* [EXERCISE]:
The entries below contain pictures, which are to be left out; write out exactly, and only, the lines from the line with "White Shark GM-5010" up to and including the line with "Used smart #1".

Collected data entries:

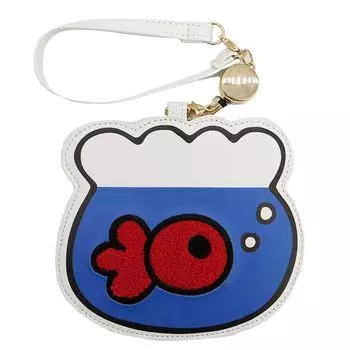 Nakajima Corporation Hello Kitty Classic Reel Pass Goldfish Bowl Diecut 187772-23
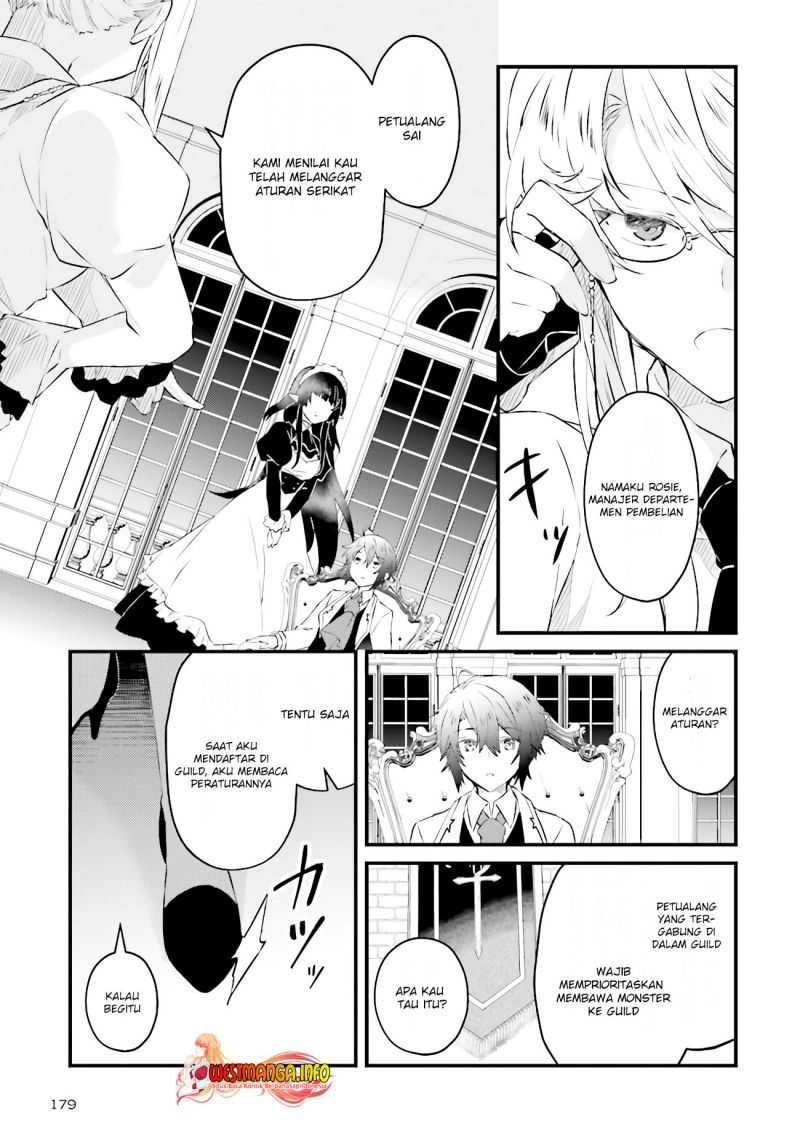 Seikatsu Mahou wa Hazure Skill janai: Chapter chapter-3.1 - Page 5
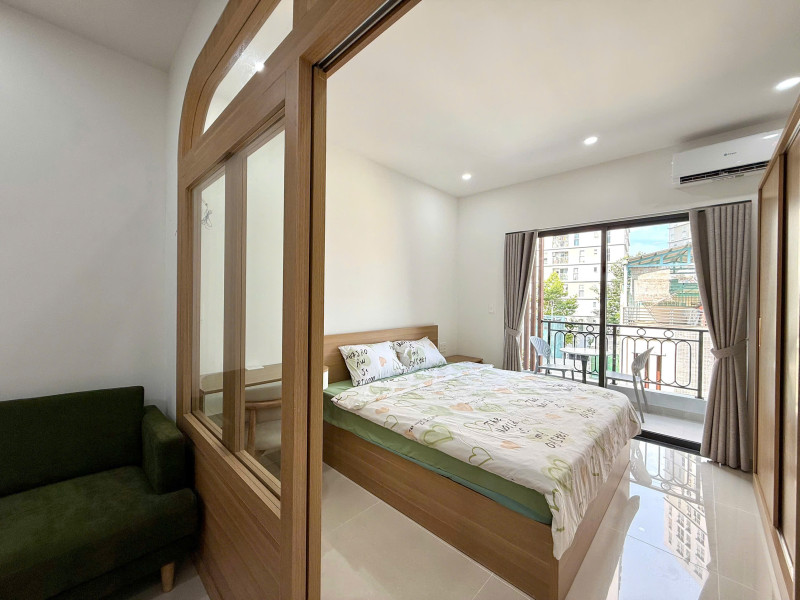 A one-bedroom  Full of Warm Details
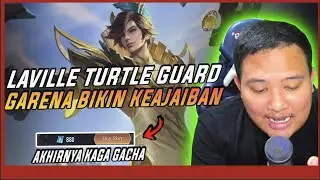 LAVILLE TURTLE GUARD SKIN REVIEW!! AKHIRNYA GA ADA PER-GACHAAN LAGI TERIMAKASIH GARENA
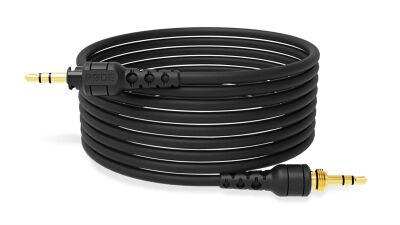 RODE NTH-Cable24 (3,5 mm <> 3,5 mm, 2.4 Meter, Schwarz)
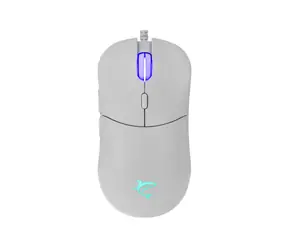 White Shark GM-5010 BAGDEMAGUS weiß / Gaming-Maus / optisch / 7200 DPI / 6 Tasten / USB / RGB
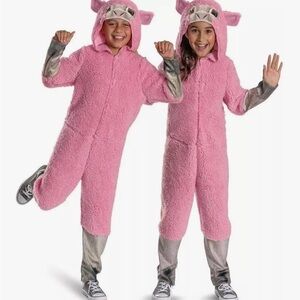 Minecraft Movie Pink Sheep Costume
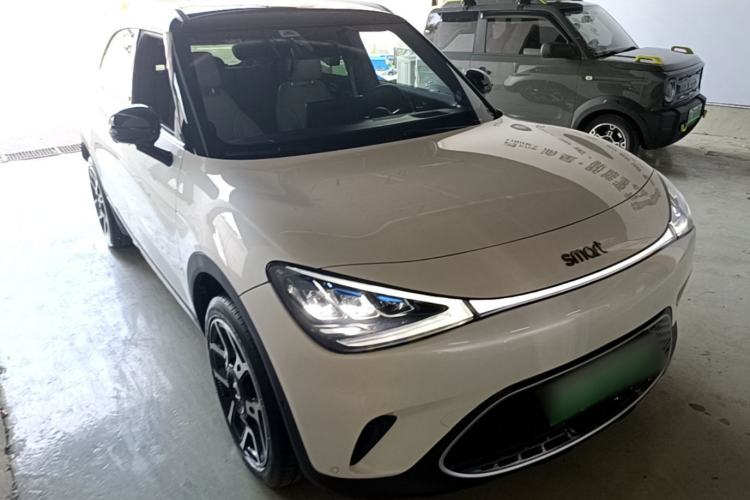 Used smart #1 2022 Pulse Heartbeat Edition Front Right 45 Deg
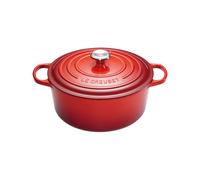 Cocotte Rond 30 cm Le Creuset Signature Fonte 21177300602430 Cerise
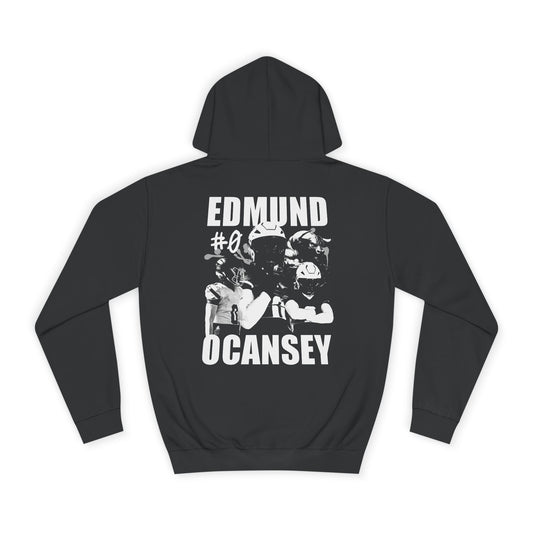 Edmund Ocansey Premium Vintage Blackout Hoodie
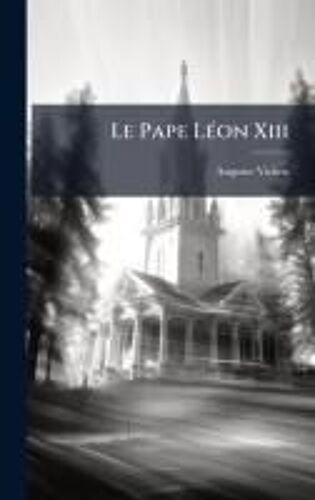 Le Pape Lã(C)On Xiii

* [EXPECTED OUTPUT]:
 White Shark GM-5010 BAGDEMAGUS weiß / Gaming-Maus / optisch / 7200 DPI / 6 Tasten / USB / RGB
 Minecraft Movie Pink Sheep Costume
 Used smart #1 2022 Pulse Heartbeat Edition Front Right 45 Deg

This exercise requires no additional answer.